It is time to stop using the rules to pretend Liberty is what it used to be, because for better or worse, this is not your grandpa’s school anymore. Except in regard to dancing. I think we can all agree that is a sin.

One thought on “Course Correction: Has the Liberty Way Been Changed Too Much?

  1. Here is the thing. There are rules in the workplace, in resturants and in society. I think that setting boundries as a Christian institution demonstrates consistency. There are certain standards that are set by the university to set them “apart from the world.” I find that the whining from the students is a sign of immaturity. At West Point and VMI, we never lowered the standards. By being accepted into these intitutions, you are expected to meet the set standards. These standards are set not only by tradition, but by the successful traits these students carry into life.

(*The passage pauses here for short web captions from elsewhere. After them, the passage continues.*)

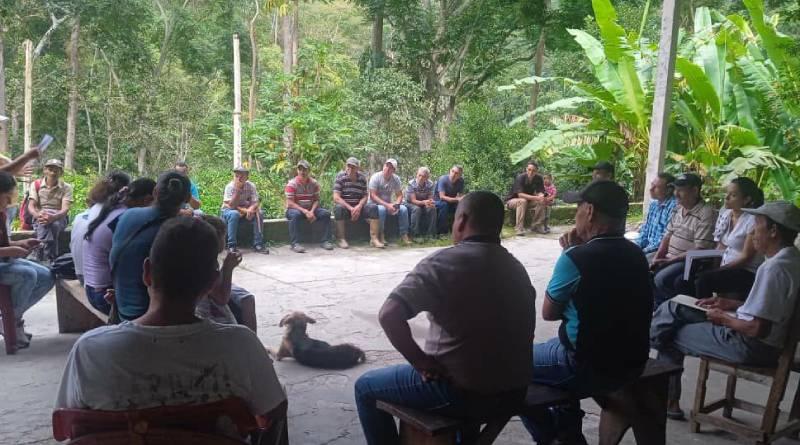Tolda Roja activada en asambleas comunitarias previo a la Consulta Popular del 2-F
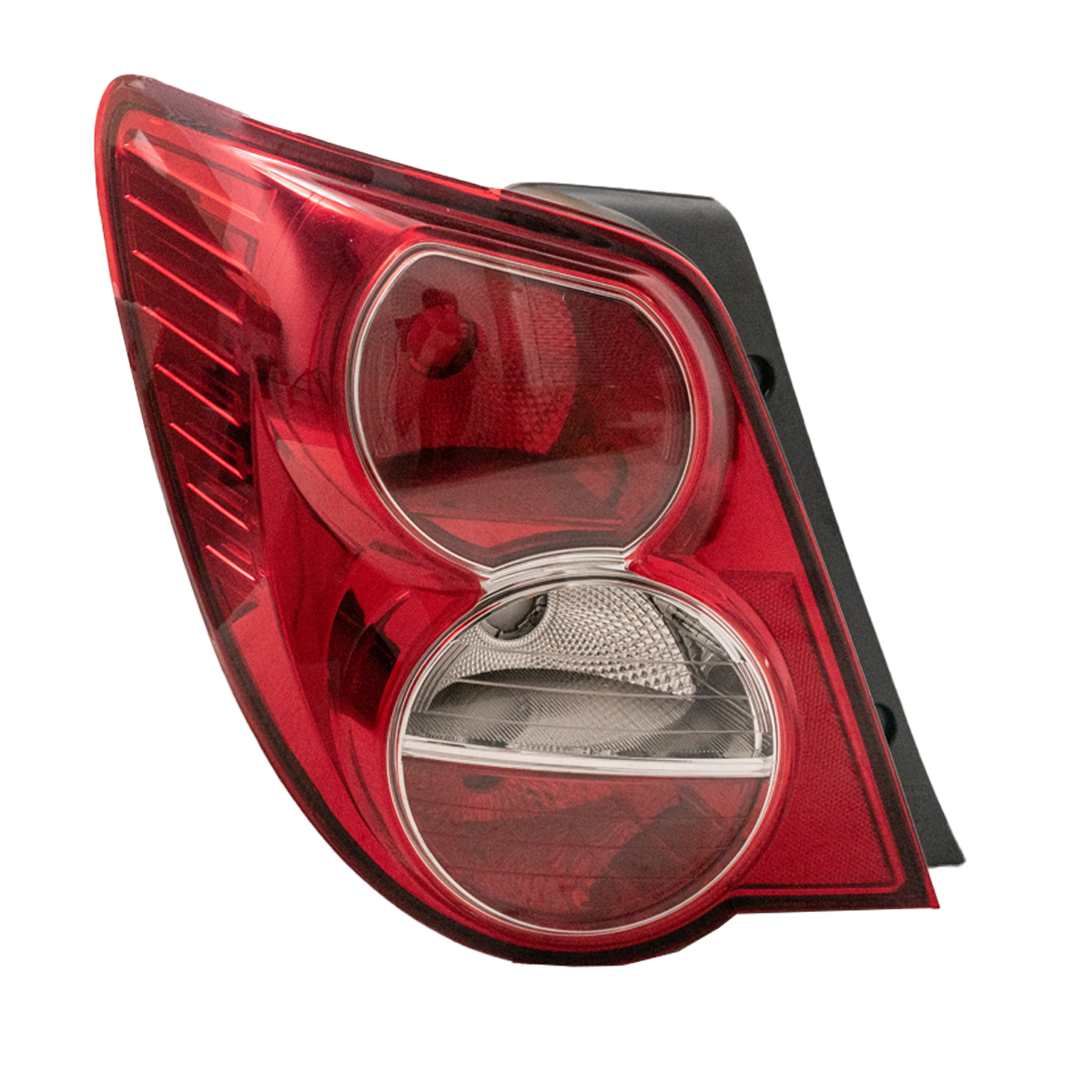 Faro trasero izquierdo para Chevrolet Sonic 2012 en Adelante 4 Ptas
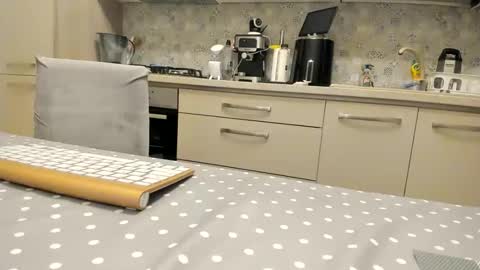 maria  alex online show from 09/14/25, 08:19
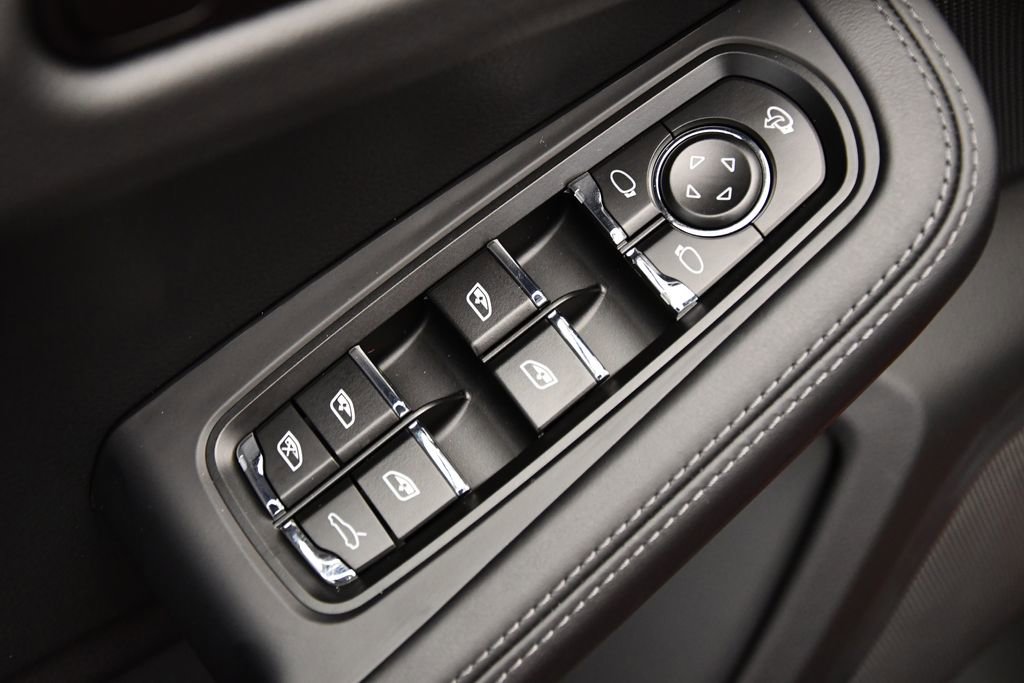 Used 2025 Porsche Macan Turbo image 36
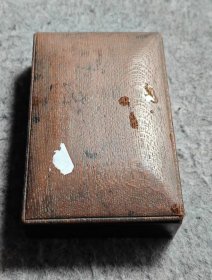 老砚台，四直角，雕刻缠枝纹，池子过度线条做工 很惊艳，带木盖，尺寸13.4*8.7*2.5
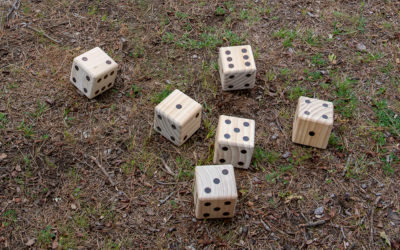 Sweet-Bokeh-2 - Sweet Bokeh lawn dice game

    Honestly, I think that Liberty lowering the bar is selling out who they are. If you want to drink, you can goto a school that allows it. If you want to dance, be in coed dorms…by all means, apply to a school that allows it.

    I think that Liberty needs to set the bar high because those students are being measured by the world. Paul taught us to be in the world, but not of the world. Whether you like it or not, Christians are being watched for consistency in their standards and beliefs. In fact, Toby Mac could have easily gone secular like many Christian bands. At one point, DC Talk was becoming popular on secular stations and they were asked to tone down the message. Toby would not.

    Again, I go back to West Point and VMI. They set the bar high for their students because they produce leaders, both militarily and in industry. They are trusted and have impecible credibility. These qualities are learned through living a life that is not ordinary. Should a Christian university have such high standards too without them being call legalistic?